Hammer and the future

Matthew Dillon’s been thinking about Hammer, and how to implement clustering well enough to work as a sort of RAID replacement.  He’s written up a document describing his plans.  Some highlights:

  • writable history snapshots
  • quotas and accounting
  • live rebuilds of data from mirrors
  • and the same history, mirroring, and snapshots as before.

It’s going to be a while before this “Hammer 2” becomes a finished product, though, so don’t count on it for the next release.

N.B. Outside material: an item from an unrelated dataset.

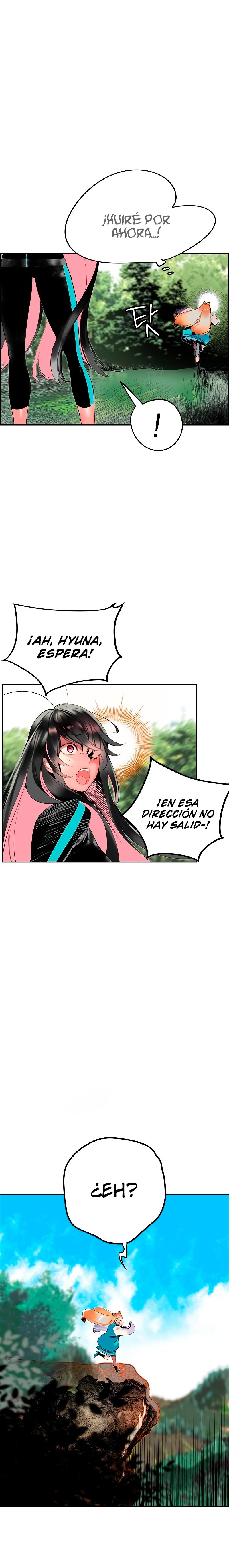 Read Zumo de la selva ES Manga Online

5 Replies to “Hammer and the future”

  1. 1) A little disappointed that HAMMER is already obsolete and needs a “complete rewrite”
    2) Quotas: I thought the goal was to implement it in the VFS layer?

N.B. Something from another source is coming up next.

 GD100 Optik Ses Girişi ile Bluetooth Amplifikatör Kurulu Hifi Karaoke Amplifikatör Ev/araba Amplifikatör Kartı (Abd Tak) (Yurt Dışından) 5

  2. Obsolete would imply that all those features are no longer useful. It’s going to work the same as before with snapshots, mirroring, history, etc, but he’s changing the underlying data format to handle multi-master work better. That’s all.

    I’m really interested in using the mirror capability; I think even using it locally could let you do some neat things with SSDs or even with tmpfs systems…

  3. Maybe “obsolete” wasn’t the right word – more like – “end of life”.

  4. “HAMMER2 has no ‘atime’ support… The OS is expected to implement a devfs for the device space (the only space where atime is really used).

    Hm… it used to be that atime was used to detect new mail in mboxes. Has everyone switched to maildir or webmail now?

    A while ago, Linux switched from atime to relatime. It seems a good idea — all the benefits of atime, but significantly faster.